• _WHAT TO WORK ON_
The listing below must be given again in full, exactly.
START DATA BELOW
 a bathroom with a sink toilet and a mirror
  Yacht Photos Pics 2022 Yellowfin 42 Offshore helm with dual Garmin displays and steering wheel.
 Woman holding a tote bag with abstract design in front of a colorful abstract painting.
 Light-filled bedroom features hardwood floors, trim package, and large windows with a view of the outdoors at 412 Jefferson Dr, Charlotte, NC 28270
END DATA BELOW
• _WRITTEN ANSWER_
 a bathroom with a sink toilet and a mirror
  Yacht Photos Pics 2022 Yellowfin 42 Offshore helm with dual Garmin displays and steering wheel.
 Woman holding a tote bag with abstract design in front of a colorful abstract painting.
 Light-filled bedroom features hardwood floors, trim package, and large windows with a view of the outdoors at 412 Jefferson Dr, Charlotte, NC 28270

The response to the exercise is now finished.